A SEMAS é o órgão estadual competente para licenciamento ambiental. Tem corpo técnico especializado, engenheiros, biólogos, geólogos. Analisou o projeto, fez vistorias, estabeleceu 18 condicionantes específicas e emitiu a licença.
Houve alguma irregularidade administrativa identificada pela SEMAS? Não.
Houve auto de infração por descumprimento de exigências? Não.
A empresa cumpriu tudo que foi exigido pelo órgão licenciador? Sim, senão não teria recebido a licença.
Então a pergunta que fica: os procuradores do MP sabem mais de licenciamento ambiental que o órgão técnico especializado do estado?
No País das Maravilhas, aparentemente sim. Os técnicos da SEMAS estudaram, analisaram, aplicaram a legislação corretamente. Mas o procurador – que não é engenheiro ambiental, não é especialista em licenciamento, não conhece as especificidades técnicas da atividade – sabe mais que todos eles.
É a arrogância institucional em sua forma mais pura.
O ESTUDO QUE DEVERIA EXISTIR PORQUE O MPF QUER
O MPF argumenta que deveria ter sido feito EIA/RIMA. Mas aqui está o detalhe técnico que eles preferem ignorar: EIA/RIMA só é exigido quando a portaria determina que é necessário.
A Portaria 60/2015 vincula a exigência de consulta prévia aos empreendimentos que necessitam de EIA/RIMA. Então, se não é EIA/RIMA, não necessariamente tem consulta prévia obrigatória.
E bases de distribuição de combustível no Pará exigem EIA/RIMA? “Não”. Nenhuma delas. Nem em Santarém, nem em Belém, nem em qualquer outro município do estado. É um processo “sacramentado” tecnicamente baseado no porte e impacto das atividades.
Mas no País das Maravilhas, precedentes técnicos não importam. A SEMAS licenciou dezenas de bases sem exigir EIA/RIMA? Irrelevante. A metodologia é consolidada e aceita nacionalmente? Não importa. O MPF decidiu que ESTA base específica deveria ter EIA/RIMA. Porque sim. Porque eu quero!!
A “CONSULTA PRÉVIA” A QUEM ESTÁ A 50KM DE DISTÂNCIA
A Convenção 169 da OIT exige consulta prévia a povos e comunidades tradicionais “potencialmente afetados”. Potencialmente afetados. Não é qualquer comunidade em um raio de 100km. São aquelas que sofrerão impacto direto, concreto, mensurável.
Mas no mundo da fantasia jurídica do MPF, qualquer comunidade quilombola no mesmo município é “potencialmente afetada”, mesmo que esteja a quilômetros de distância, sem qualquer conexão com a área do empreendimento, sem risco de impacto em suas atividades.
É a aplicação da “teoria da borboleta” ao direito ambiental: qualquer atividade em Santarém pode afetar uma comunidade a 50km porque… porque sim.
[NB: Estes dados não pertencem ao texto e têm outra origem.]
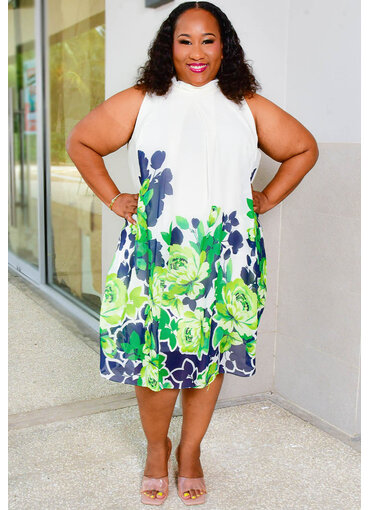 Signature FLAVIA- Plus Size Mock Neck Overlay Dress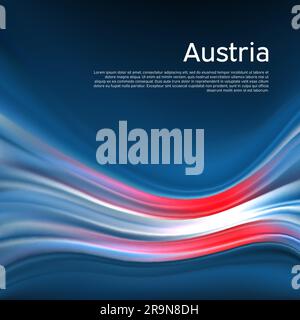 Austria flag background. Abstract austrian flag in the blue sky. National holiday card design. Business brochure design. State banner, austria poster Stock Vector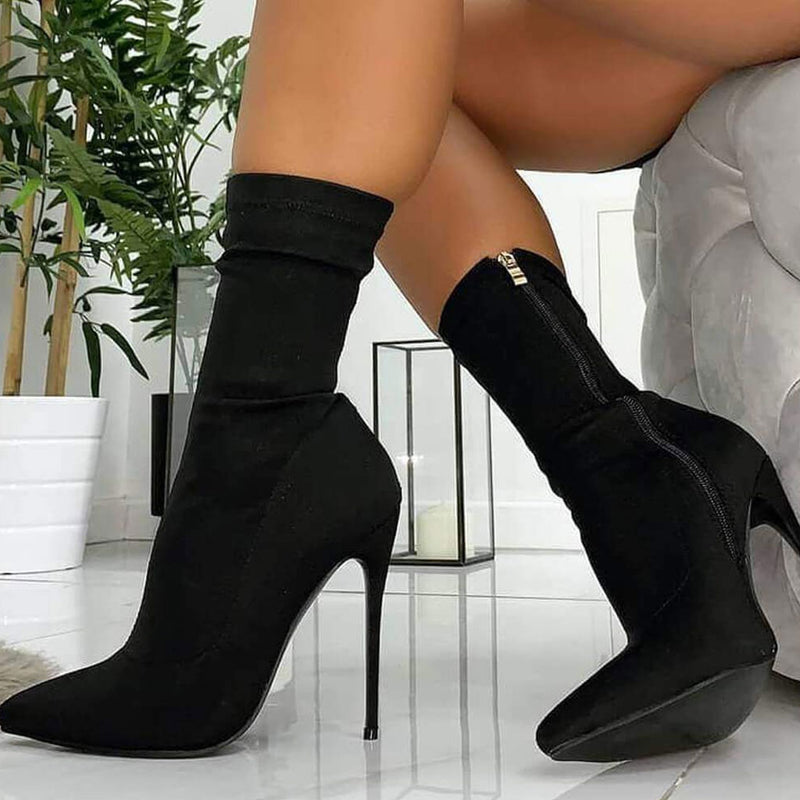 Trendy Pointed Toe Side Zip Stiletto Heeled Suede Boots - Black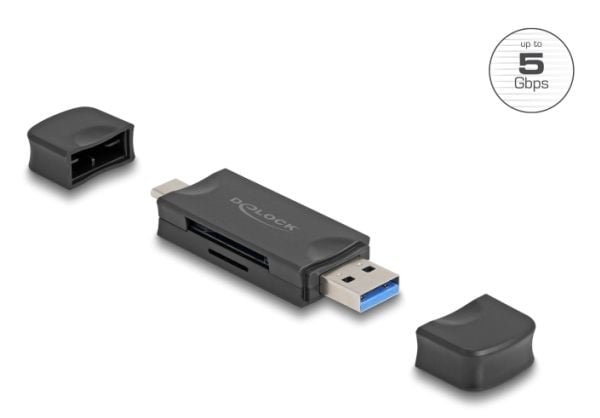 Delock kortinlukija USB 5 Gbps USB Type-C / Type-A SD- ja Micro SD-muistikortteihin musta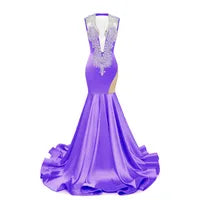 Royal Blue Mermaid Prom Dresses Sexy Sheer V Neck Beads Crystals Ruffles Long Evening Gowns Cutaway Sides Women Occasion Dress BM3502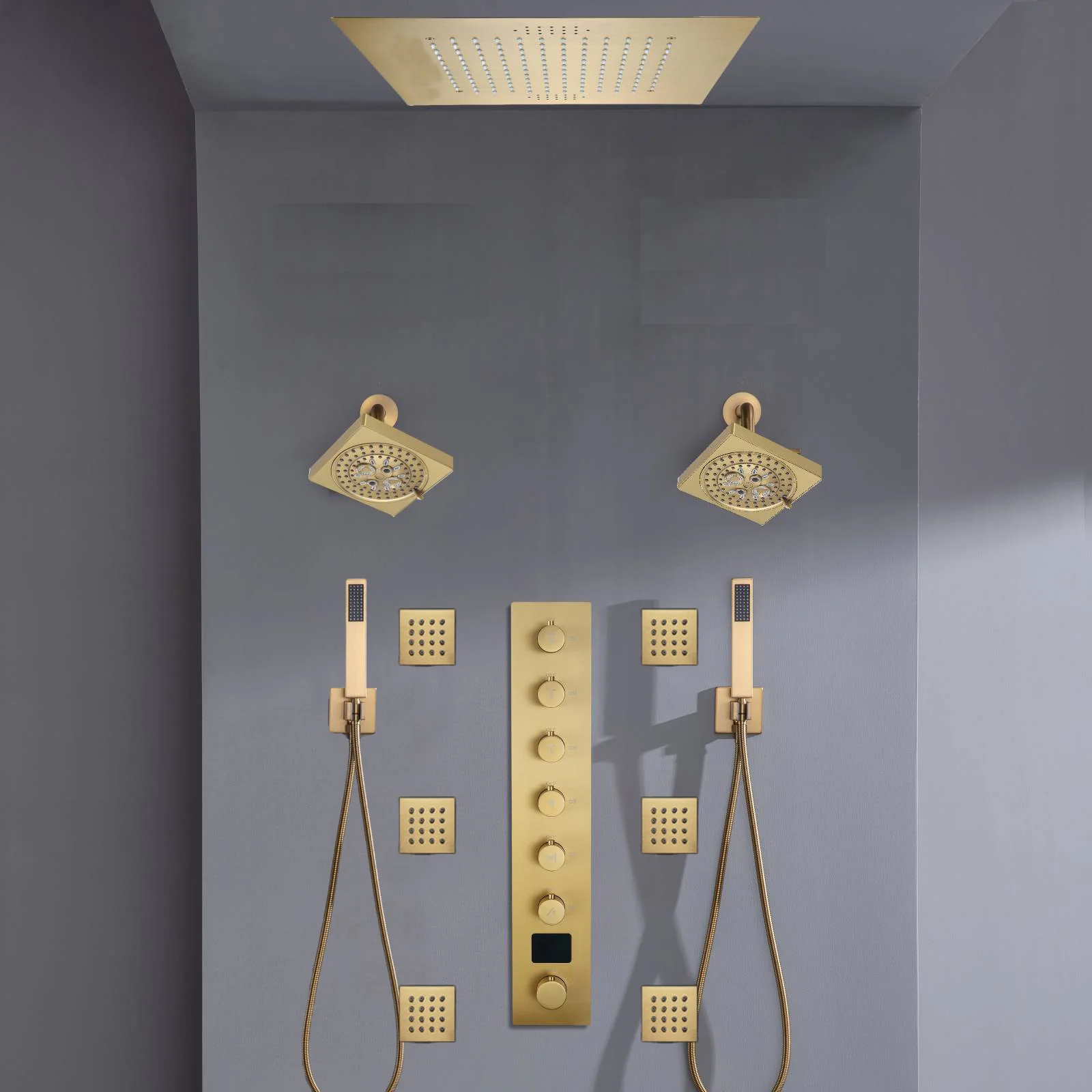 Flush mount 20 inch Rainfall shower head 6 way Digital display thermostatic Shower Faucet with Dual Regular Heads and Body Jets - Image 3
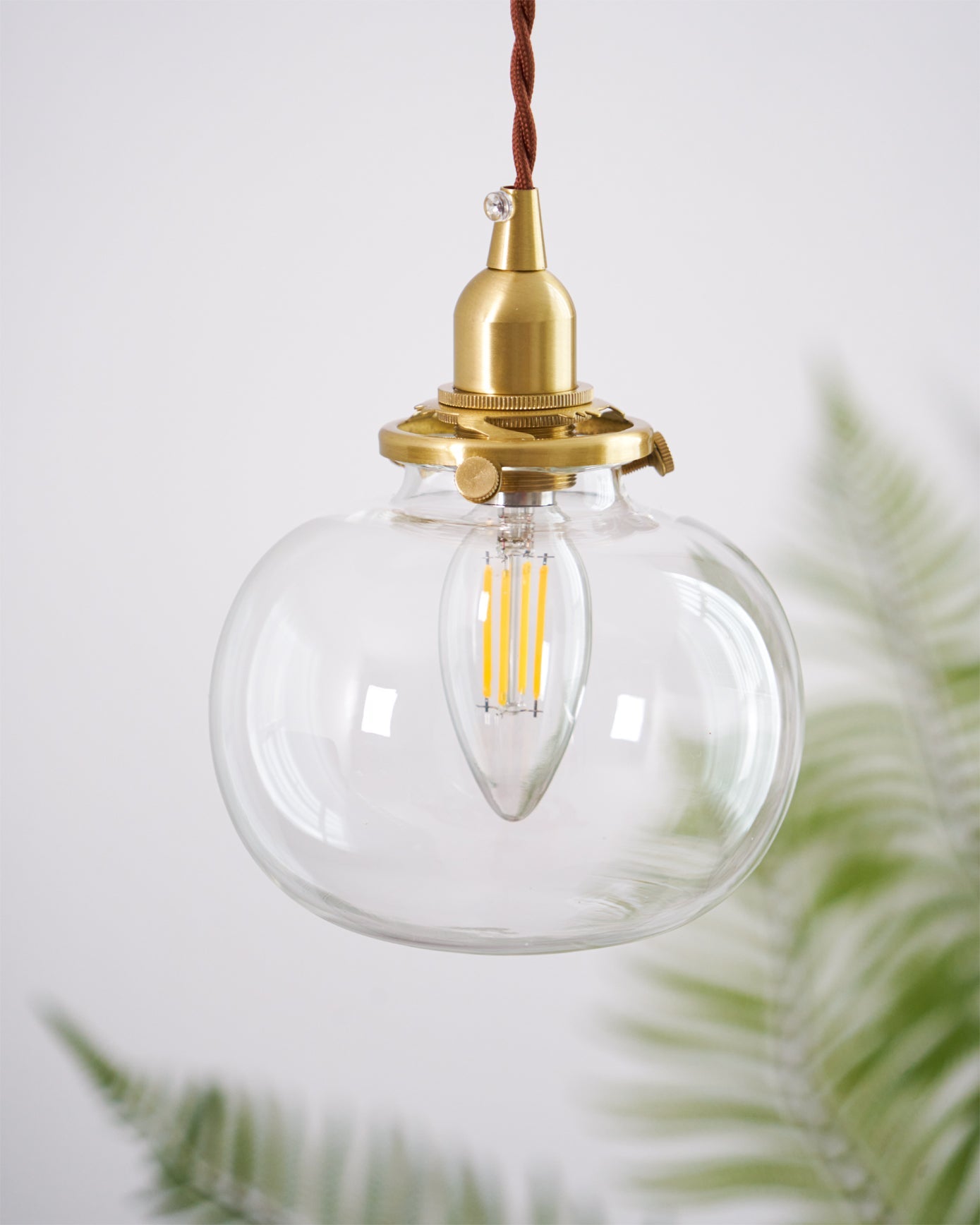 Pendant Light Glass 5.1 in Adjustable Living Room Bedroom Bathroom Hanging Ceiling Lamp Retro Style | Thomler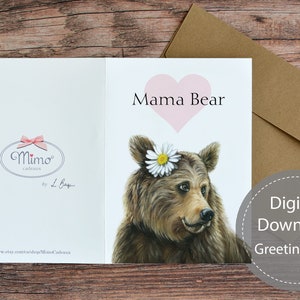 Mama Bear Printable Card, Printable Mother's Day Card, Mama Bear Mother ...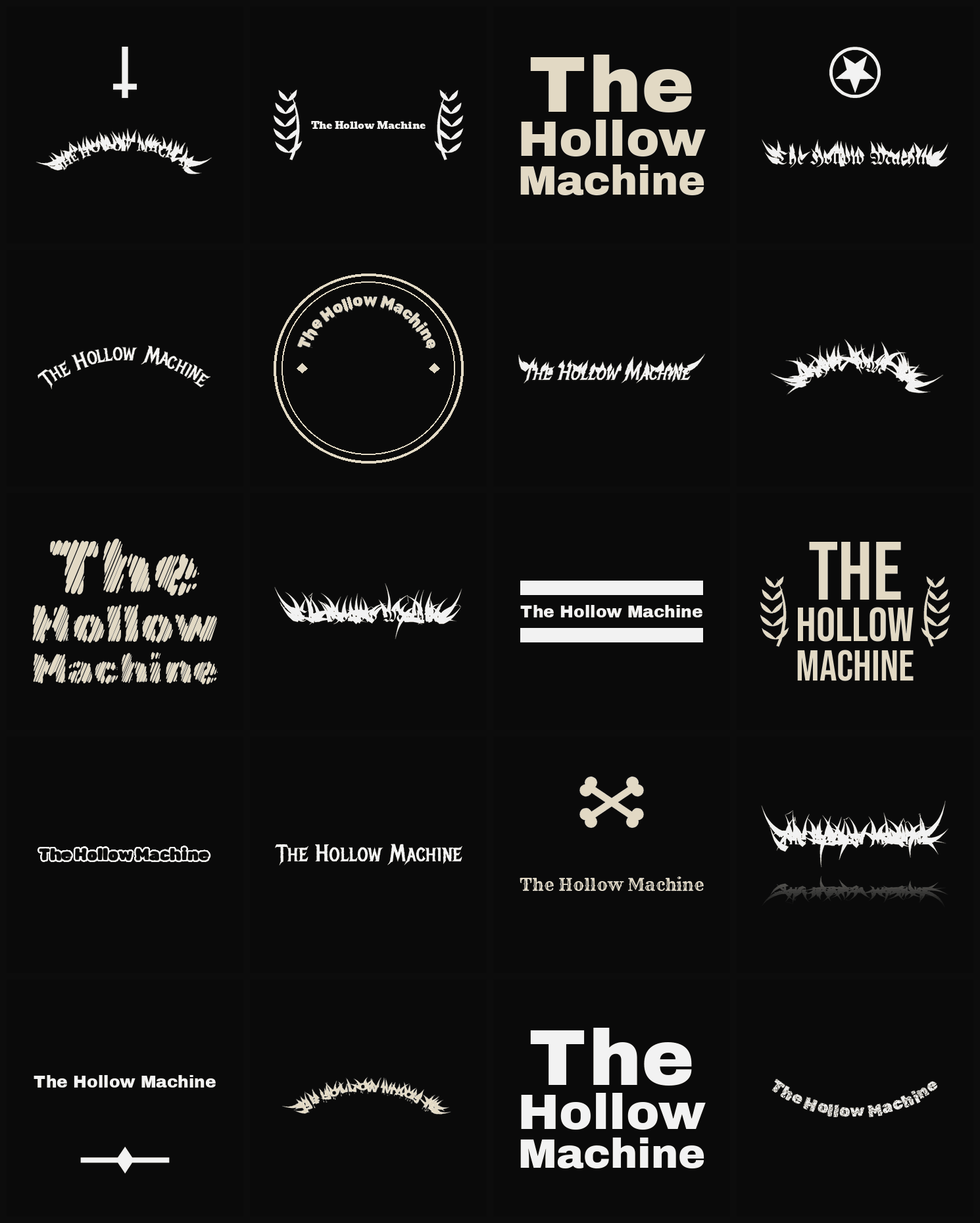Twenty The Hollow Machine band logo ideas — different faces, treatments and spike settings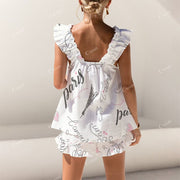 Paris Print Short Tank Top Shorts Pajama Set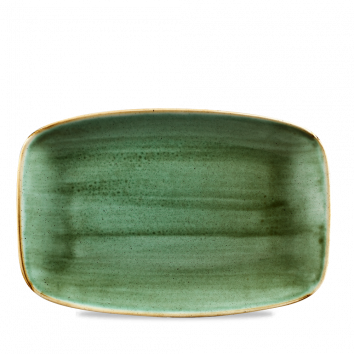 Stonecast Samphire Green Oblong Chefs Plate 12 X 7 4/5" Box 6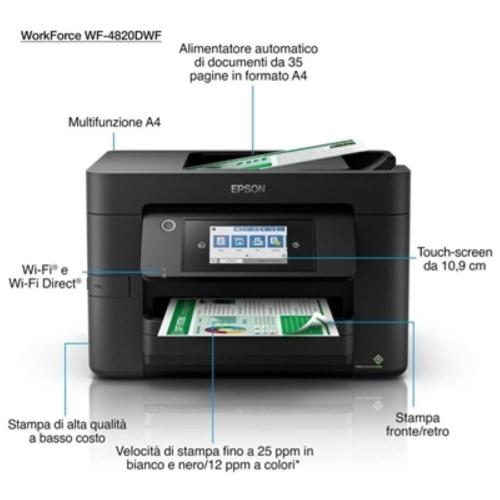 WorkForce PRO WF-4820DWF 4:1 A4 36ppm USB/LAN/WiFi F/R ADF (C11CJ06403)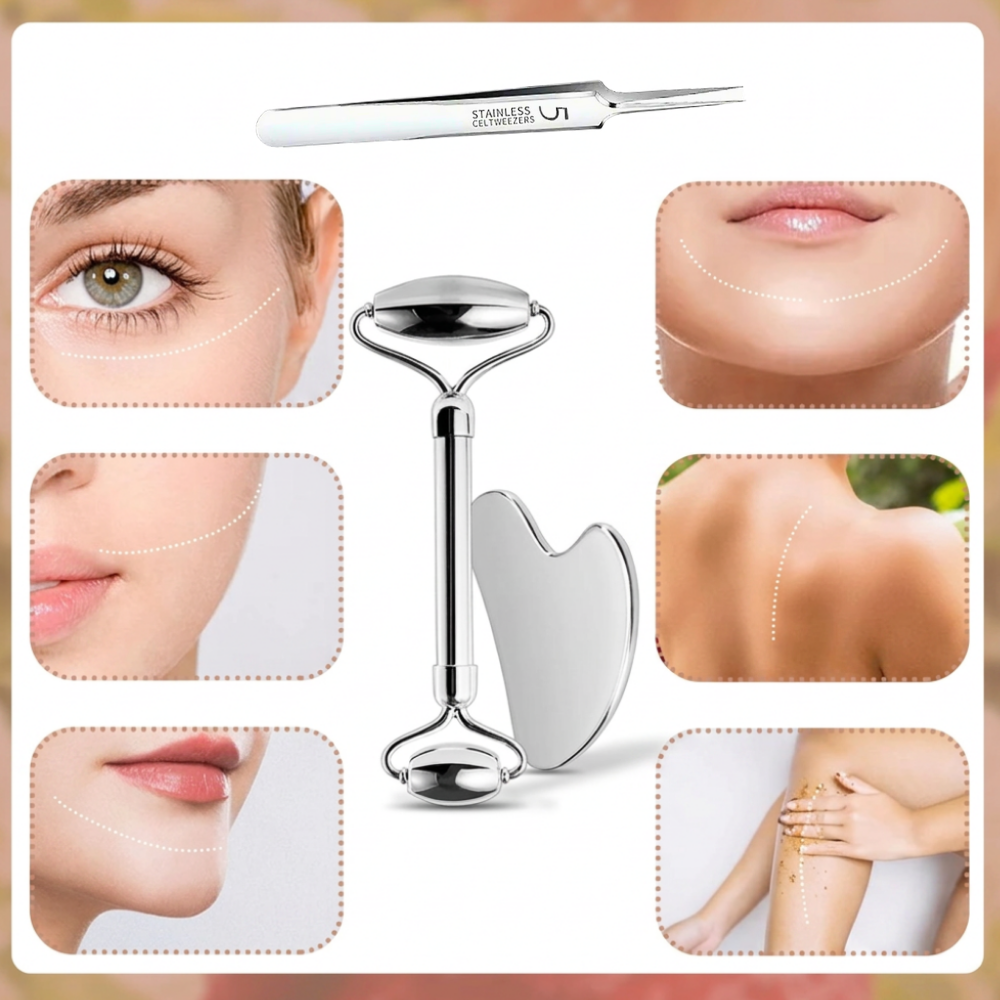 Set Gua Sha, Roller e Pinzetta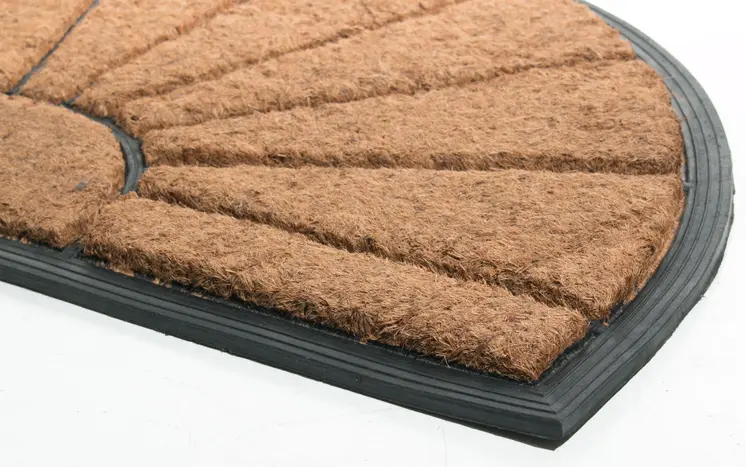 18" X 30" Beige and Black Rubber and Coir Outdoor Semi Circle Door Mat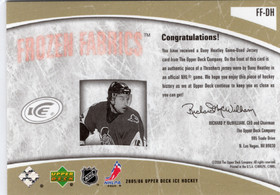 2005-06 Upper Deck Ice Frozen Fabrics #FFDH Dany Heatley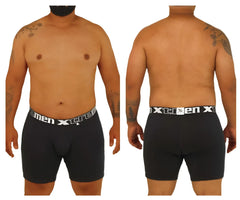 Xtremen 70001 plus black men’s boxer briefs with white elastic waistband featuring xtremen brand logo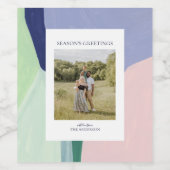 美しいクリスマスホリデーギフト写真ワインラベル ワインラベル (シングルラベル)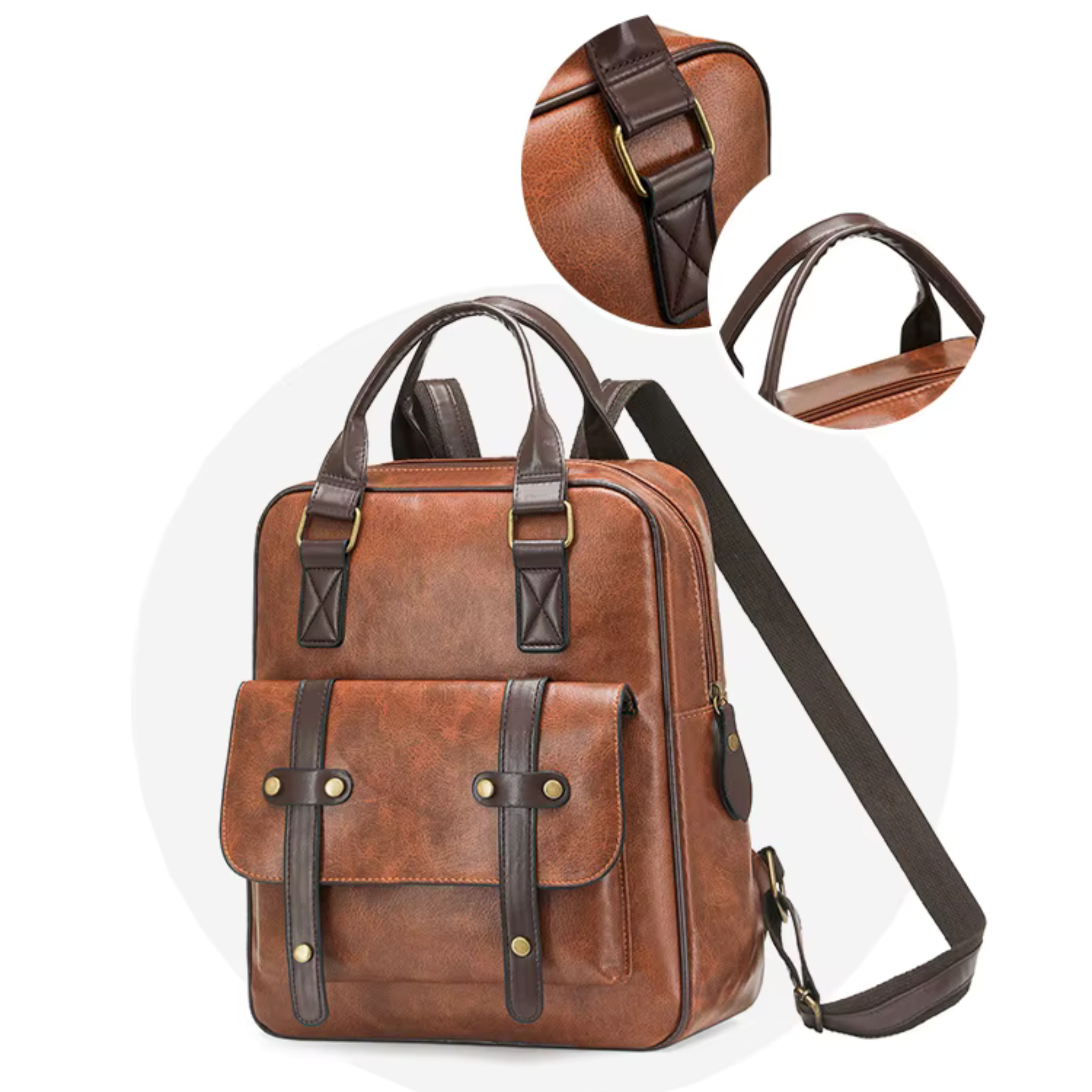 Sac à Dos Femme Style Vintage Marron | Margaux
Porque achamos. Porque queremos.
A SOLUÇÃO FINAL: DEMOLIR
E qual é a solução proposta por esses gênios do direito? Demolir. Destruir estruturas que custaram milhões de reais, que geraram centenas de empregos, que são essenciais para o abastecimento regional de combustíveis. Demolir porque a licença estadual, embora existente e válida, não agrada ao MPF.
O procurador argumenta que “manter as obras seria conceder benefício indevido ao infrator”. Infrator de quê? A empresa tem licença! Emitida pelo órgão competente! Com todas as exigências cumpridas!
Mas no País das Maravilhas, seguir a lei e cumprir os procedimentos legais é “infração”. E a pena por obedecer às regras? Demolição sumária.
O “DANO MORAL COLETIVO” IMAGINÁRIO
O MPF quer indenização por “dano moral coletivo”. A Justiça, em raro momento de lucidez, negou esse pedido por falta de provas de “lesão grave, injusta e intolerável a valores fundamentais da coletividade”.
Mas o MPF apela. Porque no seu universo fantástico, o simples fato de uma empresa obter licença legal e operar conforme autorizado é uma “lesão grave” à sociedade. O dano moral coletivo está nos olhos de quem quer enxergá-lo, independentemente da realidade paralela em que vive.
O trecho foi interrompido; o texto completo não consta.